PROMPT. Reproduce exactly the final portion of the data: every line from the one containing "Gold and Diamond" through the last line, inclusive.

(Records from a data source)
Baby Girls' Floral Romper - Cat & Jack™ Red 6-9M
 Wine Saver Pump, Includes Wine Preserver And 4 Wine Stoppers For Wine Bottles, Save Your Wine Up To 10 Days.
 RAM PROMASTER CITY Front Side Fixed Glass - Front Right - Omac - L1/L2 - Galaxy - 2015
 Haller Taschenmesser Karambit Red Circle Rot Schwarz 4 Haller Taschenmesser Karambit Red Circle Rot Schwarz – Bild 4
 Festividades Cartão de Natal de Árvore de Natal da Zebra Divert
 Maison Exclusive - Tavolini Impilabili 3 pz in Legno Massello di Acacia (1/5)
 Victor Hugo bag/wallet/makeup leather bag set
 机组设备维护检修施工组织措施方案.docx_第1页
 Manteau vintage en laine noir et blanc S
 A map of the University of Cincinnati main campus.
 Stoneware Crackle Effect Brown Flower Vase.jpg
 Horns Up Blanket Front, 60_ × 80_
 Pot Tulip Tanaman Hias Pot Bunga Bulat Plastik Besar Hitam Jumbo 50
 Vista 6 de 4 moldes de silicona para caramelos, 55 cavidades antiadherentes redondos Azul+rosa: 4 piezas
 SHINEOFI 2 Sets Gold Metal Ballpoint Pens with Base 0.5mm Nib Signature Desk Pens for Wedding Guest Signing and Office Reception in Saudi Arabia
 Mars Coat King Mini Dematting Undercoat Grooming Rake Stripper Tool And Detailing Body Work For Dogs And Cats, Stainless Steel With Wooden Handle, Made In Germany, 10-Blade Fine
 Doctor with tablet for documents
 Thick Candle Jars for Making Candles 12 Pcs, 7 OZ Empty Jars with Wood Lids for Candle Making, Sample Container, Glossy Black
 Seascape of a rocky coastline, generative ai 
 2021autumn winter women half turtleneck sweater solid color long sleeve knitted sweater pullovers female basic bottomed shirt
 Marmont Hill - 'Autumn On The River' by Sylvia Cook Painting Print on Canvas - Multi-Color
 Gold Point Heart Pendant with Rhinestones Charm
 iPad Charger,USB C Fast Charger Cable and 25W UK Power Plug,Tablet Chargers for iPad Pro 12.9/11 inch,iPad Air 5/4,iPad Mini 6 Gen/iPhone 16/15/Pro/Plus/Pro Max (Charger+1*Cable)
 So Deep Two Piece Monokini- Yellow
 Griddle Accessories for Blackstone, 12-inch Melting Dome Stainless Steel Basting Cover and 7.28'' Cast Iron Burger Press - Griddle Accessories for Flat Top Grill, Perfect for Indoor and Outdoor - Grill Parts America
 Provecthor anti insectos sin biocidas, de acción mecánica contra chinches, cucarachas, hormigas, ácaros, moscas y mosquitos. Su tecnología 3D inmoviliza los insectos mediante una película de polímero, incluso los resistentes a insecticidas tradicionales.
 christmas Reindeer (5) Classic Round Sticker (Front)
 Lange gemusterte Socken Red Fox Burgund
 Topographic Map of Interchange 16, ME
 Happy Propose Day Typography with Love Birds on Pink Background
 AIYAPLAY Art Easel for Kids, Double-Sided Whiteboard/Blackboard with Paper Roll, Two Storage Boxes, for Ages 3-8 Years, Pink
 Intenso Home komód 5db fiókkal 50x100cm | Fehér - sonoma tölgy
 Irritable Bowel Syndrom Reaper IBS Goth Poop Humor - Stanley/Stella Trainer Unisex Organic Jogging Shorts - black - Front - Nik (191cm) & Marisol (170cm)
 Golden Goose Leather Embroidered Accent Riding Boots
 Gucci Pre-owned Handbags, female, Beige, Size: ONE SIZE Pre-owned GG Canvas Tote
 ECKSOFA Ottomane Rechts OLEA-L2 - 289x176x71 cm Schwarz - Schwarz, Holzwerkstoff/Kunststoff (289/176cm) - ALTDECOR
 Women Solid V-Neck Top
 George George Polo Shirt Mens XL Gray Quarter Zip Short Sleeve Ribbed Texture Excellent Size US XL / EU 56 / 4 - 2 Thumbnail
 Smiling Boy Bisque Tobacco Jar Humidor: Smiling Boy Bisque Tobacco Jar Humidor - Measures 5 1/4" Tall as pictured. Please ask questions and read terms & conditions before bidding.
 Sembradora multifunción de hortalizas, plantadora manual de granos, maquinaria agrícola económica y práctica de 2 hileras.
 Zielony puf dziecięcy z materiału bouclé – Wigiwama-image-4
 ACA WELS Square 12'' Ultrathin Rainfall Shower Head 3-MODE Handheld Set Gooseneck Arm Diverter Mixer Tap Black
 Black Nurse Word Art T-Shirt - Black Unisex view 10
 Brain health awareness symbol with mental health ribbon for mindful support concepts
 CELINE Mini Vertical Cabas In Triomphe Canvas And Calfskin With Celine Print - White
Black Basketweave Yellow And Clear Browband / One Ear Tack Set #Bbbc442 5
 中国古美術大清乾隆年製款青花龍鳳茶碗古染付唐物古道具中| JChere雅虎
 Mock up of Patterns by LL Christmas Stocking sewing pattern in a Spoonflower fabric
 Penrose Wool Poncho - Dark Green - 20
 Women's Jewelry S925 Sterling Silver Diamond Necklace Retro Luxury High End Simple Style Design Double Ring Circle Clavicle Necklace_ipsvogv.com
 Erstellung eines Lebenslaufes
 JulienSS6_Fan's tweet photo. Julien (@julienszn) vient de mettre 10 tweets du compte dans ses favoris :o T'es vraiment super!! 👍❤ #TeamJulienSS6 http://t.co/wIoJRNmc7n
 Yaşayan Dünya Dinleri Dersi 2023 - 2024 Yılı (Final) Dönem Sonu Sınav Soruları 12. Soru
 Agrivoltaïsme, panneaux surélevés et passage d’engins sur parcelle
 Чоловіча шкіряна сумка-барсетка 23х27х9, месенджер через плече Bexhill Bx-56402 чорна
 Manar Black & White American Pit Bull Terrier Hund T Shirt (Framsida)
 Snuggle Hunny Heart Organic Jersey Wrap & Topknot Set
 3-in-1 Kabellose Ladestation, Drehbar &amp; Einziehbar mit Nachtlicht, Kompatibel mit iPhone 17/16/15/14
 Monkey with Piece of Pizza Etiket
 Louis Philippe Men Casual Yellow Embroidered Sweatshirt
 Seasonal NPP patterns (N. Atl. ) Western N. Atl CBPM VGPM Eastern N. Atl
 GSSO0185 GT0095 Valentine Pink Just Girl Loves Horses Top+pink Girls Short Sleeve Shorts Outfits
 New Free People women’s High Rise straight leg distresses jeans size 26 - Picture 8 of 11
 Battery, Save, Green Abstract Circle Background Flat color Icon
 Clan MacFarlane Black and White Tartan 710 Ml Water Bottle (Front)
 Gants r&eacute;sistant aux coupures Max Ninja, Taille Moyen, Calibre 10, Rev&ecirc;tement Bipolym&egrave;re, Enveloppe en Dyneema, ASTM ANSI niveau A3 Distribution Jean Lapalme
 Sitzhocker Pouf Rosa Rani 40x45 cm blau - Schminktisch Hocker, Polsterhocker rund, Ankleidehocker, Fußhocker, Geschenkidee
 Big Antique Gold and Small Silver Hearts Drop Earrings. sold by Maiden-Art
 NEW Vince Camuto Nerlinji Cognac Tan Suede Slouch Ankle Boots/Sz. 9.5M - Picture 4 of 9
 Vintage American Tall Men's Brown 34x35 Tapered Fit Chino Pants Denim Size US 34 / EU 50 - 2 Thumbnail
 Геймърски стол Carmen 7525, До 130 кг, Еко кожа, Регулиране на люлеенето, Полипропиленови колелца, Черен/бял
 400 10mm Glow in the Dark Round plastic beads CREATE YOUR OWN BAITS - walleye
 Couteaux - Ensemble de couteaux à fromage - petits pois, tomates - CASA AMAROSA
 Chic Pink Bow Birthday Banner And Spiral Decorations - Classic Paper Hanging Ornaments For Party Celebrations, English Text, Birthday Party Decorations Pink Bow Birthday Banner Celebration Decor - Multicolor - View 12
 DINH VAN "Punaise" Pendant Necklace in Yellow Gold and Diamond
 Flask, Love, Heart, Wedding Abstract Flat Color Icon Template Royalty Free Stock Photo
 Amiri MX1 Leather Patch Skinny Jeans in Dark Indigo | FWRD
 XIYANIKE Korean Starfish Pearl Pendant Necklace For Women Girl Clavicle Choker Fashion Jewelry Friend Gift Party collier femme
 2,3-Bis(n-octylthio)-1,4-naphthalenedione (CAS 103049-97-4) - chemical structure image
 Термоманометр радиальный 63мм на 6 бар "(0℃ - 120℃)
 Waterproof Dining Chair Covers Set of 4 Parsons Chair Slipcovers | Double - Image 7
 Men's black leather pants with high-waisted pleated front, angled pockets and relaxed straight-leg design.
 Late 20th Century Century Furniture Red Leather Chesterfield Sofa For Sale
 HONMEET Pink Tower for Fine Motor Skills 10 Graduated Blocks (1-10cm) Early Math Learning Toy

RESPONSE.
 DINH VAN "Punaise" Pendant Necklace in Yellow Gold and Diamond
 Flask, Love, Heart, Wedding Abstract Flat Color Icon Template Royalty Free Stock Photo
 Amiri MX1 Leather Patch Skinny Jeans in Dark Indigo | FWRD
 XIYANIKE Korean Starfish Pearl Pendant Necklace For Women Girl Clavicle Choker Fashion Jewelry Friend Gift Party collier femme
 2,3-Bis(n-octylthio)-1,4-naphthalenedione (CAS 103049-97-4) - chemical structure image
 Термоманометр радиальный 63мм на 6 бар "(0℃ - 120℃)
 Waterproof Dining Chair Covers Set of 4 Parsons Chair Slipcovers | Double - Image 7
 Men's black leather pants with high-waisted pleated front, angled pockets and relaxed straight-leg design.
 Late 20th Century Century Furniture Red Leather Chesterfield Sofa For Sale
 HONMEET Pink Tower for Fine Motor Skills 10 Graduated Blocks (1-10cm) Early Math Learning Toy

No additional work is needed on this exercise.